AVAILABLE DATA:

Segment Open

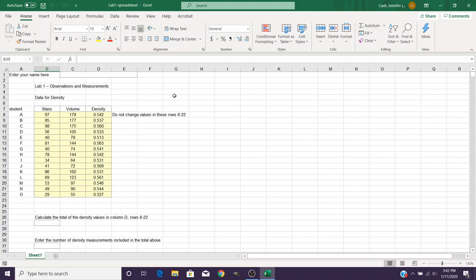In this video we're going to take a look at how you work with spreadsheets in Excel and this is specific to lab number one for my Physical Sciences 153 class.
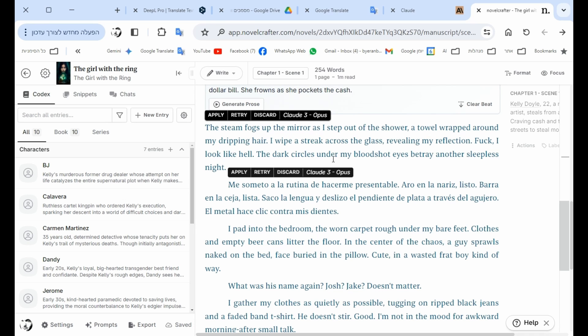From one language to another using the NovelCrafter system.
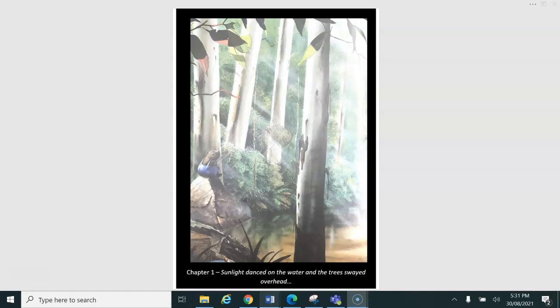Sunlight danced on the water and the trees swayed overhead. Wombat sat and sat. As time slowly passed, the warmth made him sleepy. Soon, very soon, it would be time to eat the delicious lunch he had so carefully packed in his tackle box.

Segment Closed

DIRECTIONS:
Everything from the line with "From one language" through the end of the listing above, both ends included, should be set down exactly; copy nothing else, and skip the pictures.

EXERCISE RESPONSE:
From one language to another using the NovelCrafter system.
Sunlight danced on the water and the trees swayed overhead. Wombat sat and sat. As time slowly passed, the warmth made him sleepy. Soon, very soon, it would be time to eat the delicious lunch he had so carefully packed in his tackle box.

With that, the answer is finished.